■ **TASK BRIEF**
Where a line in the data below includes the word "with", count it. State the total and nothing more.

━━━━━ INPUT ━━━━━

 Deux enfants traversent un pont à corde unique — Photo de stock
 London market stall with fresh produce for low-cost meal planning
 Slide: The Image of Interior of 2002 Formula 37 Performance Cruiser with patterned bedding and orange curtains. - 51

━━━━━
━━━━━ INPUT ━━━━━

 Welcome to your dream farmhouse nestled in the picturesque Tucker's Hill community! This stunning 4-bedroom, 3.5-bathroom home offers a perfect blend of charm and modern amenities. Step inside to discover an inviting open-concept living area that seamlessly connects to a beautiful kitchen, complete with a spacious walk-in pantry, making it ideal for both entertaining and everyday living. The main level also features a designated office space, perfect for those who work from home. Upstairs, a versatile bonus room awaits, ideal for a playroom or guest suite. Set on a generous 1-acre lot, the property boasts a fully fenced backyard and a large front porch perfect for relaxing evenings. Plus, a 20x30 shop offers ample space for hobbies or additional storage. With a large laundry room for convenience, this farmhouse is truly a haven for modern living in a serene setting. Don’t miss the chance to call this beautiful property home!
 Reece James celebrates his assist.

━━━━━

■ **YOUR RESPONSE**
3